» **About this task**
Only the lines from the one with "picture Excel Sheet" through the last belong in the output; print them exactly as given below.

» **Input records**
══════════

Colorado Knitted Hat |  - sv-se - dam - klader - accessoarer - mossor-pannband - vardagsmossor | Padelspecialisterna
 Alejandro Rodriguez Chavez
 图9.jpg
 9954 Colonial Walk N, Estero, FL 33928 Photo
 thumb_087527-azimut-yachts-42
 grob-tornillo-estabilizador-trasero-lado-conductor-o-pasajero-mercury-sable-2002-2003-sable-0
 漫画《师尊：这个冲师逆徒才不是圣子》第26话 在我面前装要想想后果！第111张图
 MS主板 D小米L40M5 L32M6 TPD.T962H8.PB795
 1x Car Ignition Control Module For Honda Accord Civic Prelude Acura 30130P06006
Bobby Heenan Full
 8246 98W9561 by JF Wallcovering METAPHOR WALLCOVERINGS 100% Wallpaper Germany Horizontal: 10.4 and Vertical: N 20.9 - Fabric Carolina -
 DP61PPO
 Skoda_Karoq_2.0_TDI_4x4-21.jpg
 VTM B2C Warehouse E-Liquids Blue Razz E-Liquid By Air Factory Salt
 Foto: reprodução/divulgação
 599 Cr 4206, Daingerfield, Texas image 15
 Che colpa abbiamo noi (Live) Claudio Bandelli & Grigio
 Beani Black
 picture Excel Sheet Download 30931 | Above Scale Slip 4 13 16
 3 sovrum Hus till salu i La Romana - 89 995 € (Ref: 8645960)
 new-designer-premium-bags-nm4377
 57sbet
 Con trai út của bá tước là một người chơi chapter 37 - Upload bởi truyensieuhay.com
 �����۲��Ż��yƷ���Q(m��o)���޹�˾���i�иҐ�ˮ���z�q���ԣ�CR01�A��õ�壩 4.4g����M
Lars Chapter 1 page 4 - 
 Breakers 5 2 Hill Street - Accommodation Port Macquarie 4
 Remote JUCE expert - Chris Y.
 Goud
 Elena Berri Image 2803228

══════════

» **Answer box**
 picture Excel Sheet Download 30931 | Above Scale Slip 4 13 16
 3 sovrum Hus till salu i La Romana - 89 995 € (Ref: 8645960)
 new-designer-premium-bags-nm4377
 57sbet
 Con trai út của bá tước là một người chơi chapter 37 - Upload bởi truyensieuhay.com
 �����۲��Ż��yƷ���Q(m��o)���޹�˾���i�иҐ�ˮ���z�q���ԣ�CR01�A��õ�壩 4.4g����M
Lars Chapter 1 page 4 - 
 Breakers 5 2 Hill Street - Accommodation Port Macquarie 4
 Remote JUCE expert - Chris Y.
 Goud
 Elena Berri Image 2803228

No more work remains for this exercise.